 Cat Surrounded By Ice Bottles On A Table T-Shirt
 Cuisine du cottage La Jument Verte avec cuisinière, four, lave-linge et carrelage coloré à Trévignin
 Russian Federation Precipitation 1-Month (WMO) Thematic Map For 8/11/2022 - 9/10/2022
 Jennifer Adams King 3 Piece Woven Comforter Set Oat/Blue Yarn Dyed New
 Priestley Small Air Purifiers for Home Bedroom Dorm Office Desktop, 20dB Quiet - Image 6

---

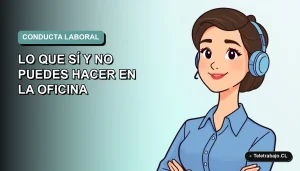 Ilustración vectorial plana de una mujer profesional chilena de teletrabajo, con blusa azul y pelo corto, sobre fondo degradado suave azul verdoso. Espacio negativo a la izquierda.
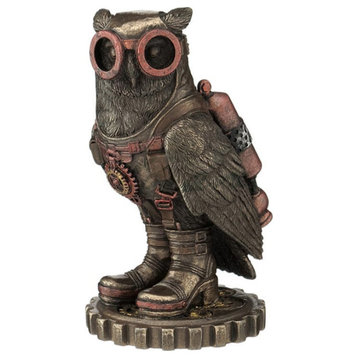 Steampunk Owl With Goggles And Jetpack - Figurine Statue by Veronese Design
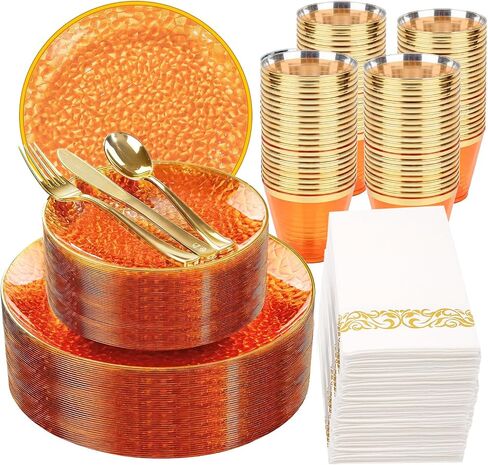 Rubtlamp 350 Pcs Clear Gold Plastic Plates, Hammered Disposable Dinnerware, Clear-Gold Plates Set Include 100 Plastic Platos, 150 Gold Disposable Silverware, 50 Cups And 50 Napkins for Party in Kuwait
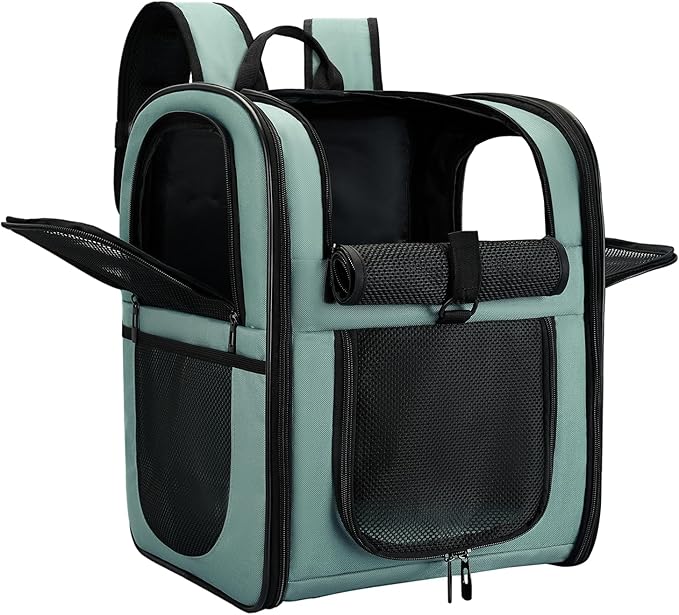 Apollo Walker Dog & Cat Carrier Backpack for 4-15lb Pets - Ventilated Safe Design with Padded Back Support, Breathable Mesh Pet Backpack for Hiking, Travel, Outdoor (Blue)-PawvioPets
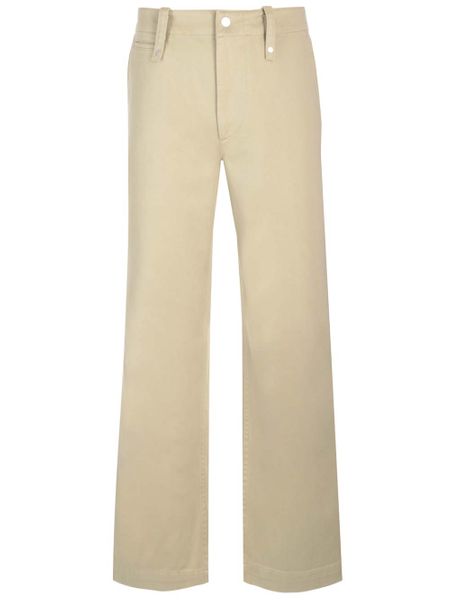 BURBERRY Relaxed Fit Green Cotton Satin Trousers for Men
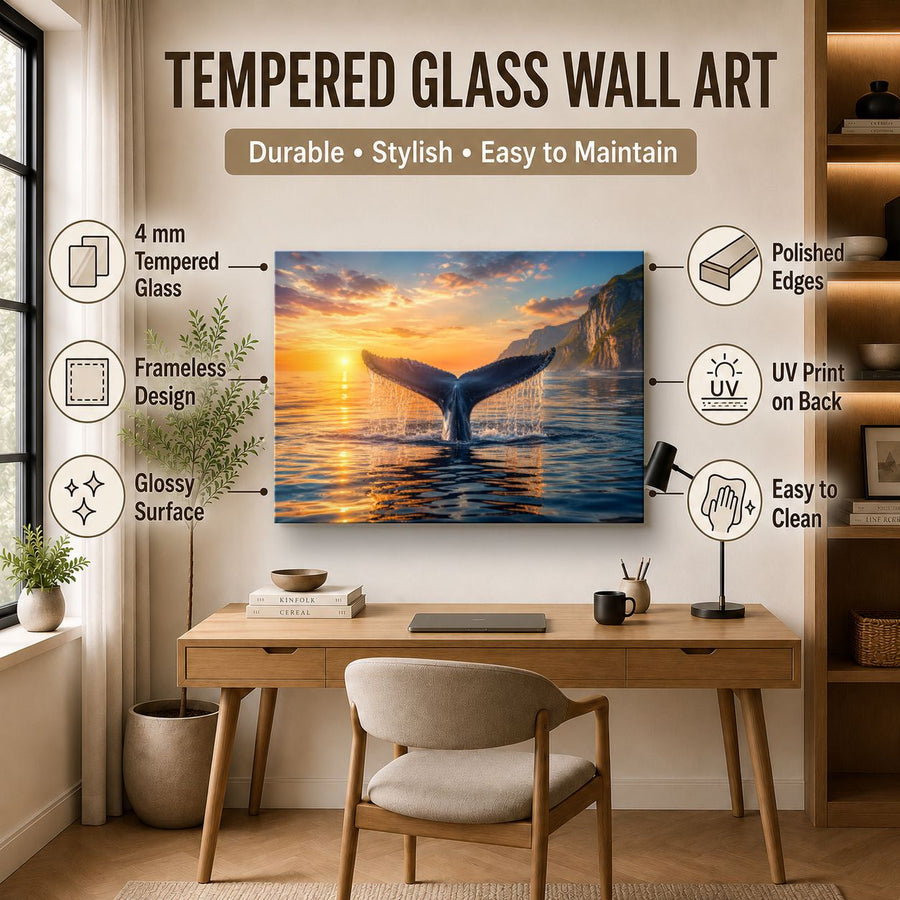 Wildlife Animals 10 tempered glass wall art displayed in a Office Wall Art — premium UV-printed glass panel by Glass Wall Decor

» What the task asks
Set down again, exactly, every line above from the one with "Steampunk Owl With" down to the one with "Wildlife Animals 10", both ends included. No pictures, and nothing else.

» Result of this exercise
 Steampunk Owl With Goggles And Jetpack - Figurine Statue by Veronese Design
 Rubtlamp 350 Pcs Clear Gold Plastic Plates, Hammered Disposable Dinnerware, Clear-Gold Plates Set Include 100 Plastic Platos, 150 Gold Disposable Silverware, 50 Cups And 50 Napkins for Party in Kuwait
 Apollo Walker Dog & Cat Carrier Backpack for 4-15lb Pets - Ventilated Safe Design with Padded Back Support, Breathable Mesh Pet Backpack for Hiking, Travel, Outdoor (Blue)-PawvioPets
 BURBERRY Relaxed Fit Green Cotton Satin Trousers for Men
 Wildlife Animals 10 tempered glass wall art displayed in a Office Wall Art — premium UV-printed glass panel by Glass Wall Decor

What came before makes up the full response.